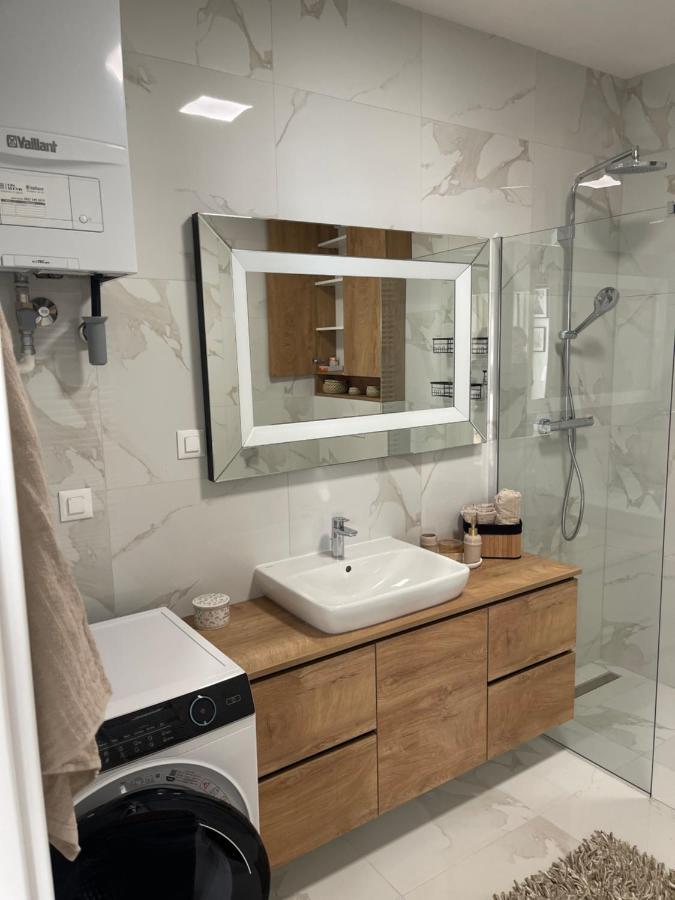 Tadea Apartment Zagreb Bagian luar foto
□ □ □ □
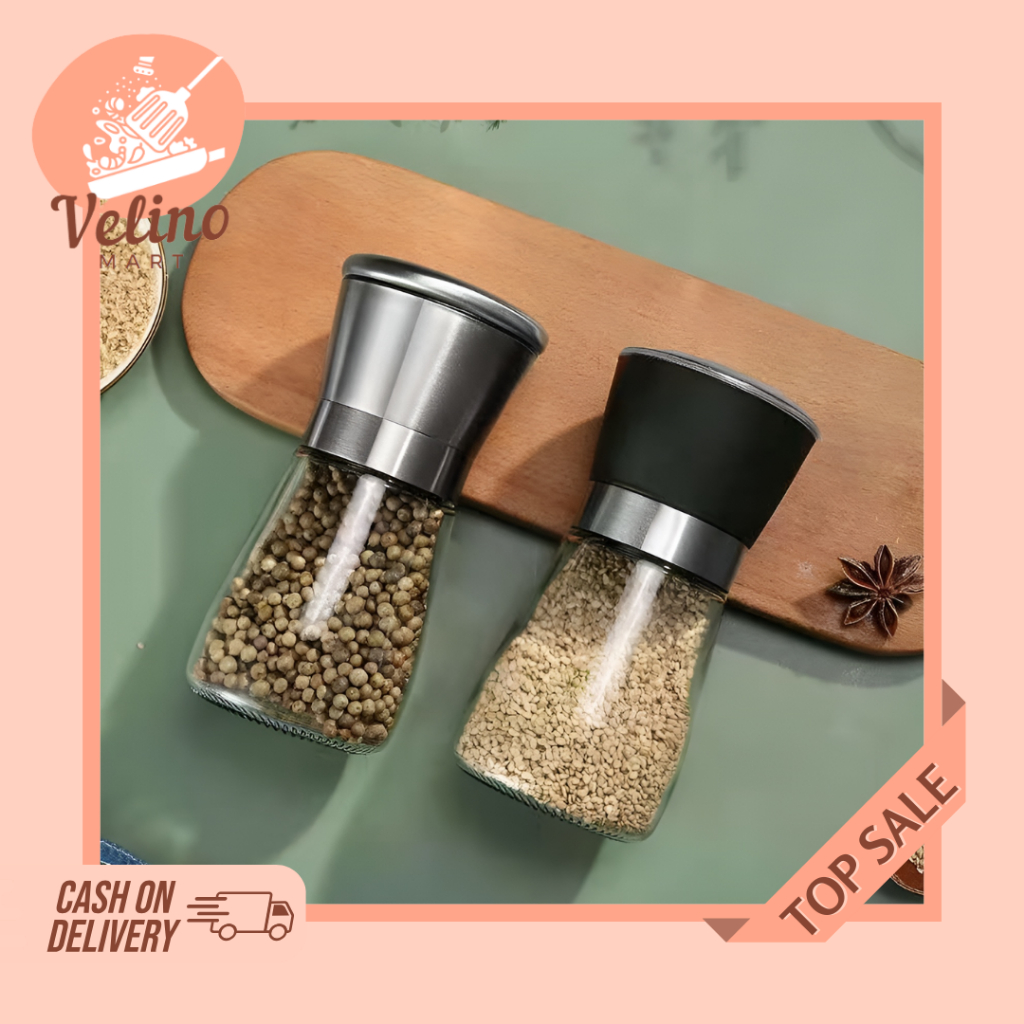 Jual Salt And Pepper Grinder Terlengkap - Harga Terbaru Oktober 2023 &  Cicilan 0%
□ □ □ □
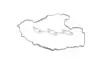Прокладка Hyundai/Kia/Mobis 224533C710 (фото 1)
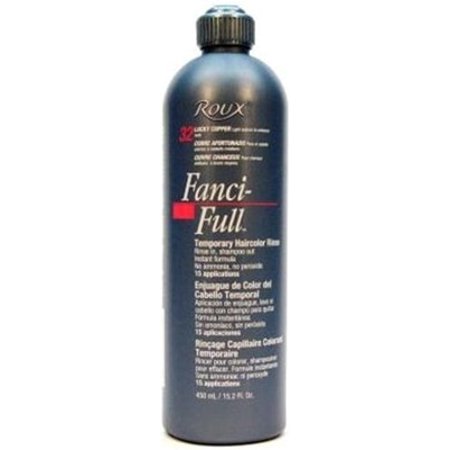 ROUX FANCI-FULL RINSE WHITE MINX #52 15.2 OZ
□ □ □ □
### The task
With the pictures omitted, copy exactly the lines of the listing above starting at the line containing "Прокладка Hyundai/Kia/Mobis 224533C710" and ending at the line containing "ROUX FANCI-FULL RINSE WHITE MINX #52 15.2 OZ", both included.

### Output for this task
Прокладка Hyundai/Kia/Mobis 224533C710 (фото 1)
 ROUX FANCI-FULL RINSE WHITE MINX #52 15.2 OZ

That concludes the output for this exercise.